START Record excerpts
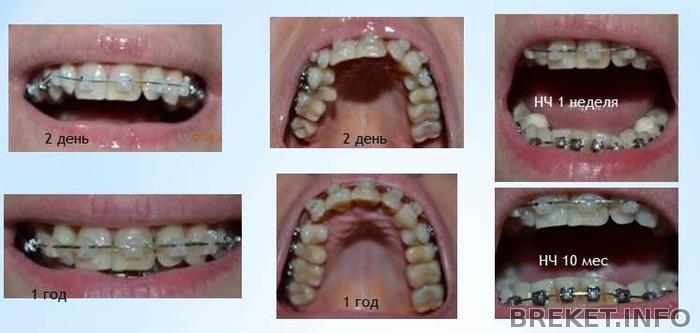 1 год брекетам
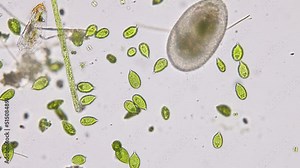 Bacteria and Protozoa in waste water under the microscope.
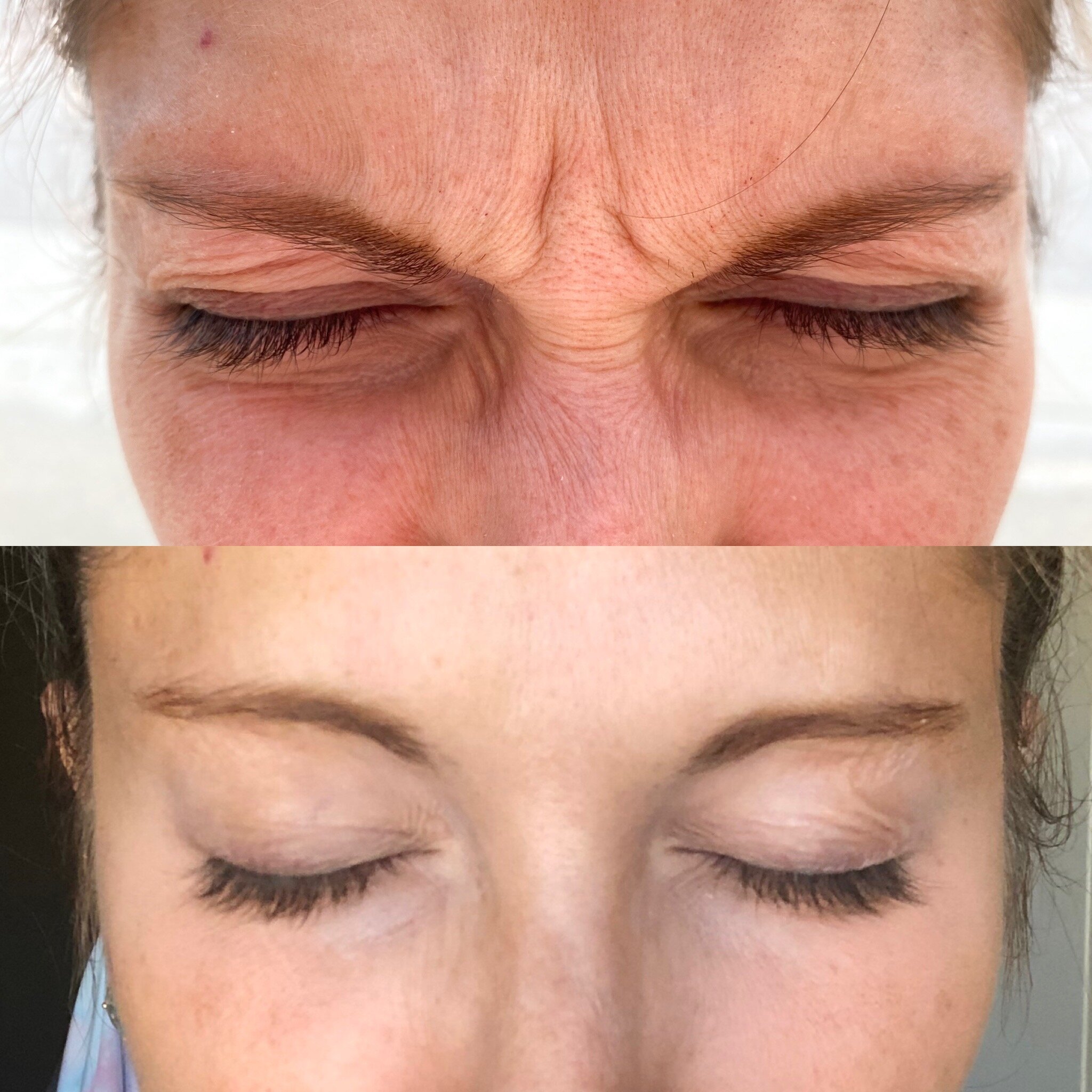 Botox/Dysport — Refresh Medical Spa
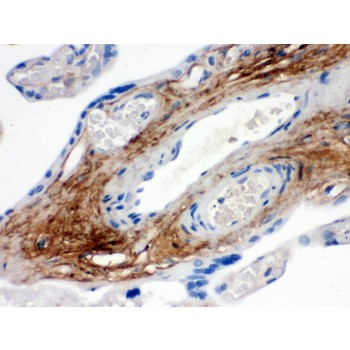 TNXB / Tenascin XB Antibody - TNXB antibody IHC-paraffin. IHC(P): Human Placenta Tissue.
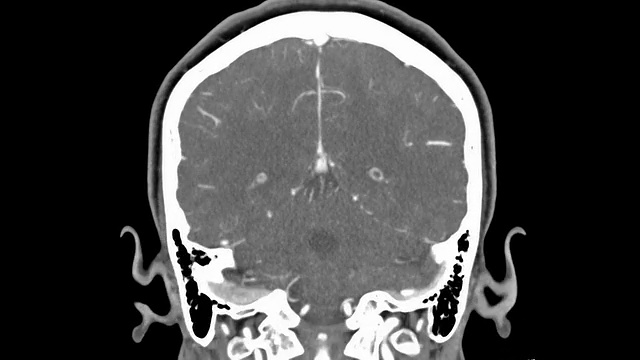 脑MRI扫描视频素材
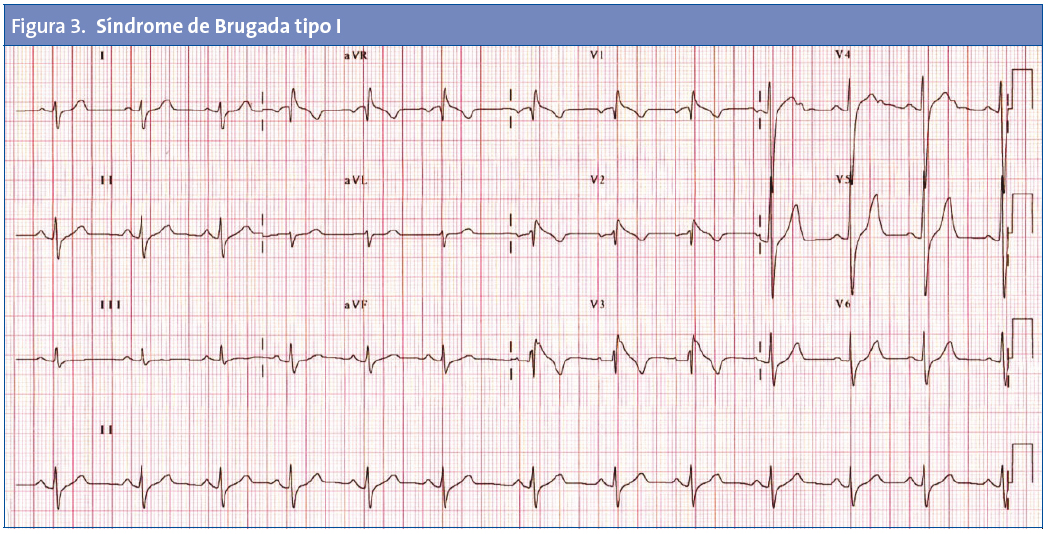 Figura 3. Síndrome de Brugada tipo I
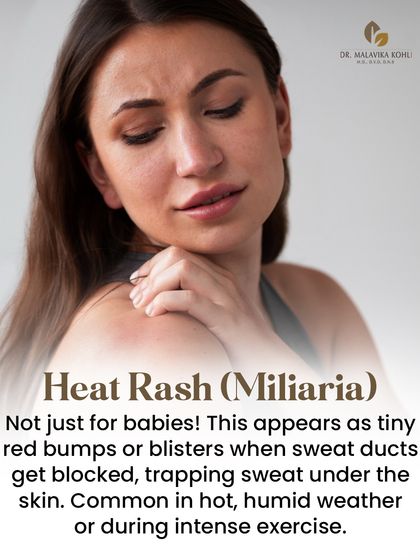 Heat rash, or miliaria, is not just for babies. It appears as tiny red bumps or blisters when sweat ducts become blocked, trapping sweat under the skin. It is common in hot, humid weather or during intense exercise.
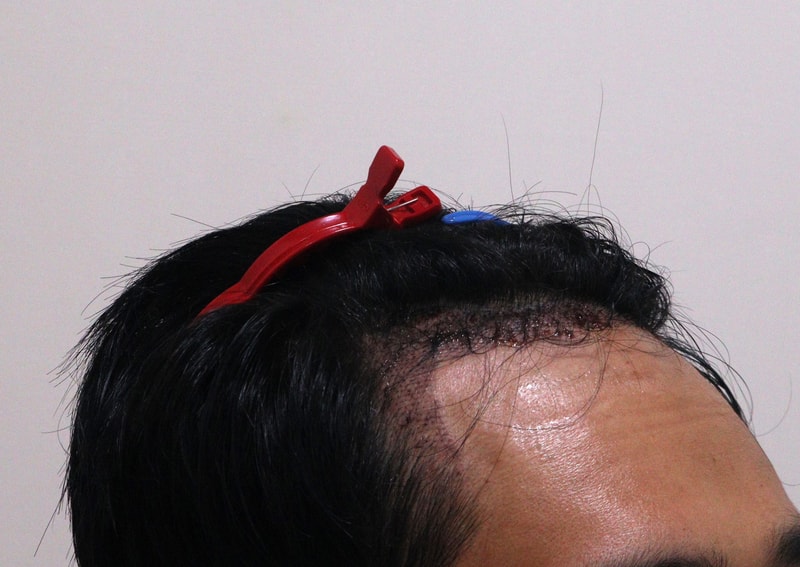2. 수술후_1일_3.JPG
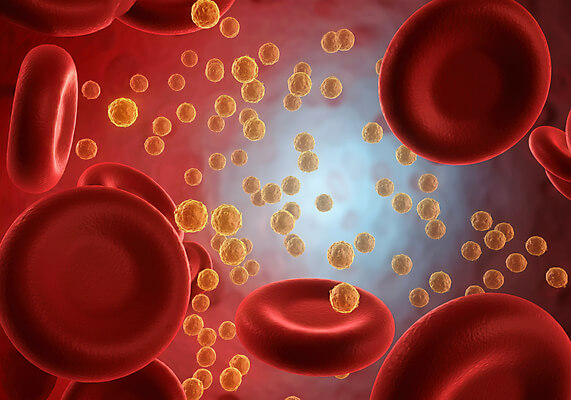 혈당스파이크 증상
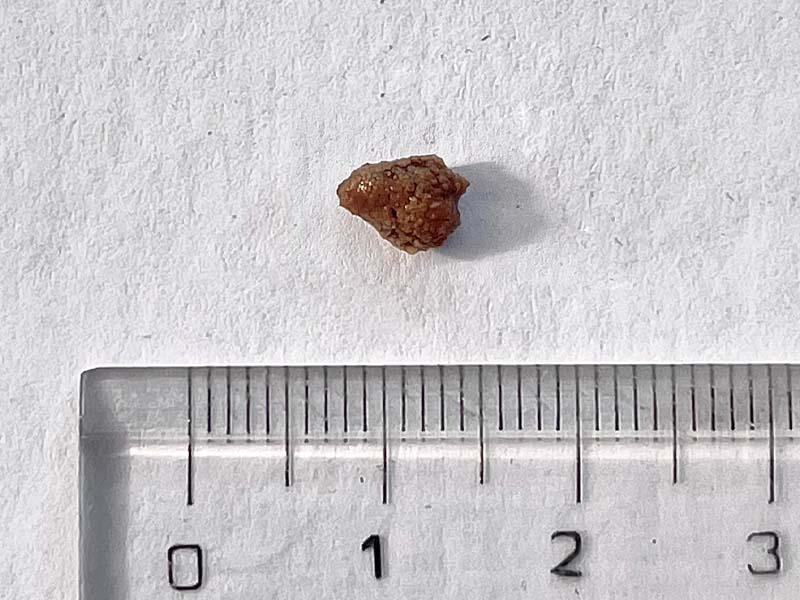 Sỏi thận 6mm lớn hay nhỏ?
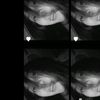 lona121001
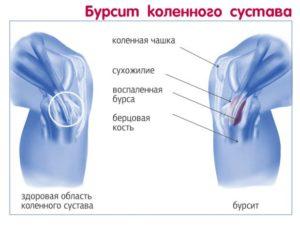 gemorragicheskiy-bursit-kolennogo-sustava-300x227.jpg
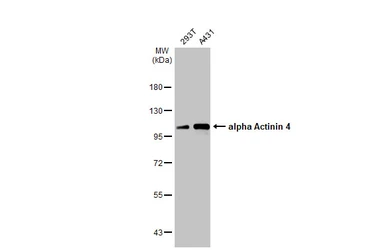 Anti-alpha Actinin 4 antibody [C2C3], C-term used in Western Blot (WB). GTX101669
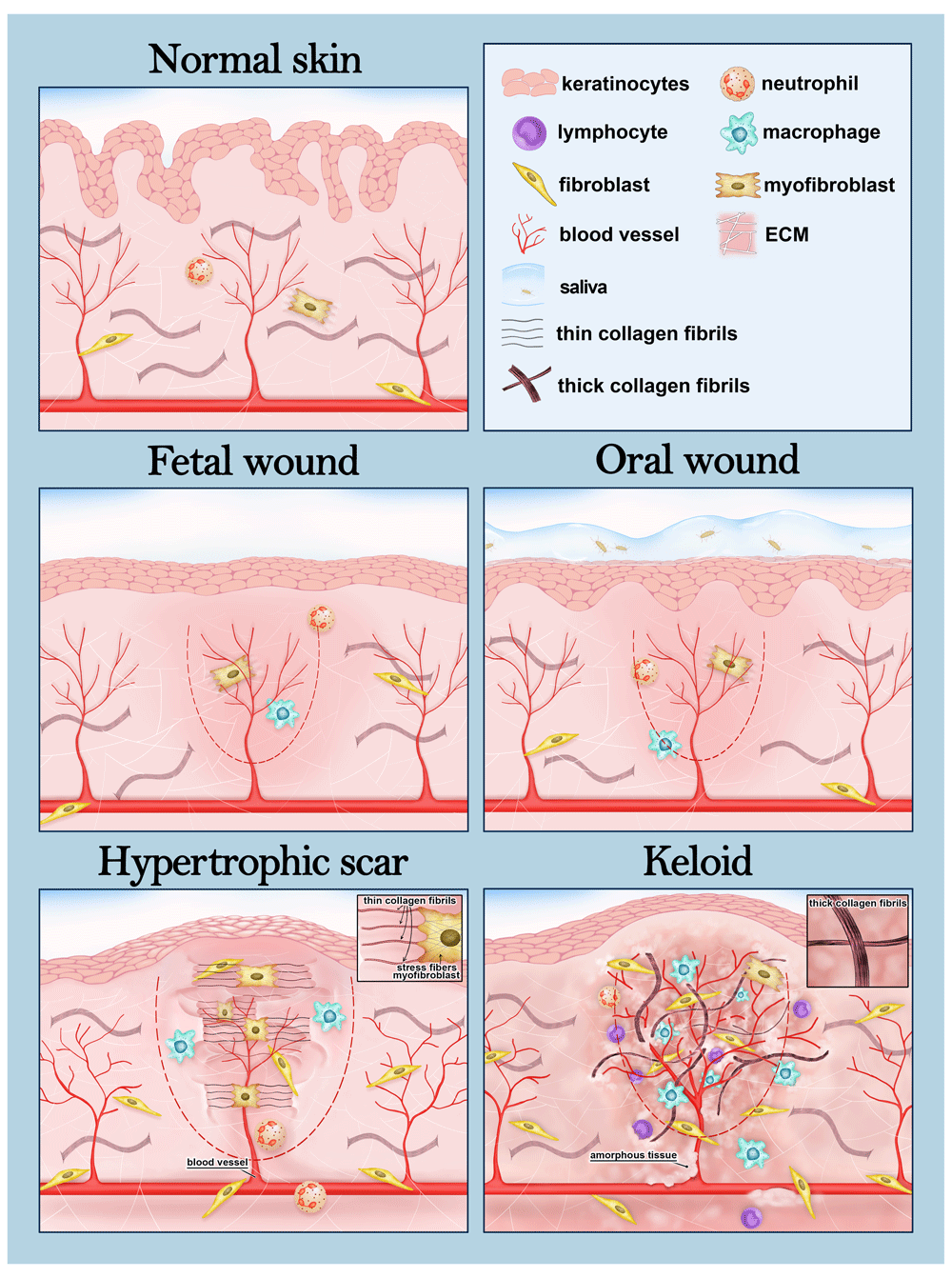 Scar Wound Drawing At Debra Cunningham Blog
END Record excerpts
Assignment:
Exactly as written, set down the lines from the line holding "Botox/Dysport — Refresh Medical Spa" to the last line of the data, both ends included, pictures excluded.

Your solution:
 Botox/Dysport — Refresh Medical Spa
 TNXB / Tenascin XB Antibody - TNXB antibody IHC-paraffin. IHC(P): Human Placenta Tissue.
 脑MRI扫描视频素材
 Figura 3. Síndrome de Brugada tipo I
 Heat rash, or miliaria, is not just for babies. It appears as tiny red bumps or blisters when sweat ducts become blocked, trapping sweat under the skin. It is common in hot, humid weather or during intense exercise.
2. 수술후_1일_3.JPG
 혈당스파이크 증상
 Sỏi thận 6mm lớn hay nhỏ?
 lona121001
 gemorragicheskiy-bursit-kolennogo-sustava-300x227.jpg
 Anti-alpha Actinin 4 antibody [C2C3], C-term used in Western Blot (WB). GTX101669
 Scar Wound Drawing At Debra Cunningham Blog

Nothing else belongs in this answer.